It happens to be true, as we are next told, that "from Abel on, Jehovah has had witnesses on earth," taking the unscriptural name "Jehovah" as meaning "God." But the self-styled "Witnesses of Jehovah" are not to be numbered among any authorized witnesses on behalf of God. They merely constitute a modern Protestant sect founded by Charles Taze Russell, an ex-Congregationalist of Pittsburgh, Penn., who at the age of 20, in 1872, imagined that he alone had at last discovered the true meaning of the Bible and commissioned his followers to witness to his own peculiar opinions throughout the world. To rank Pastor Russell's "witnesses" with any divinely-authorized messengers from God to mankind would not only violate reason, but would also be an insult to God scarcely falling short of straight-out blasphemy!

Why God Became Man

Do not be misled by our own sub-title here; for, as we have seen, Jehovah Witnesses do not believe that God became man. They hold that Christ Himself was a kind of incarnate spirit-creature who, although He existed before other creatures, did not pre-exist eternally, and who was certainly not equal with God.

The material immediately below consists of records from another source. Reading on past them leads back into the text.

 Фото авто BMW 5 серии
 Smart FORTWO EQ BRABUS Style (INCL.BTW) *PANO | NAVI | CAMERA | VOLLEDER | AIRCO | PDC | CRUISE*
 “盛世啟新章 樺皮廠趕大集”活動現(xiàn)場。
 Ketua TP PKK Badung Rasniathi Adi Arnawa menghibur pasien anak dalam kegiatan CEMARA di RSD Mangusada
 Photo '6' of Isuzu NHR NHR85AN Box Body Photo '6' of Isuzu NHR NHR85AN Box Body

However, having set the stage, as it were, they now attempt to explain the mission of Christ, such as they hold Him to be.

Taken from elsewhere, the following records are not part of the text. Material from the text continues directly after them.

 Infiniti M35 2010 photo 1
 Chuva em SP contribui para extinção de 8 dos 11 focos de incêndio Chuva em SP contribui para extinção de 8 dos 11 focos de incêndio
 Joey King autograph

"That his name might be vindicated, that his purpose regarding the earth might be realized, and that men who kept integrity might get life," they say, "Jehovah sent His Son into the world 'to give his soul a ransom in exchange for many' and to 'bear witness to the truth'."

Denying the Holy Trinity and that there is any God-the-Son, as they do, the Witnesses would have been more honest had they declared frankly that they believe their Jehovah to have sent some spirit-creature into the world; as indeed Charles Taze Russell originally said, identifying this spirit-creature with Michael the Archangel.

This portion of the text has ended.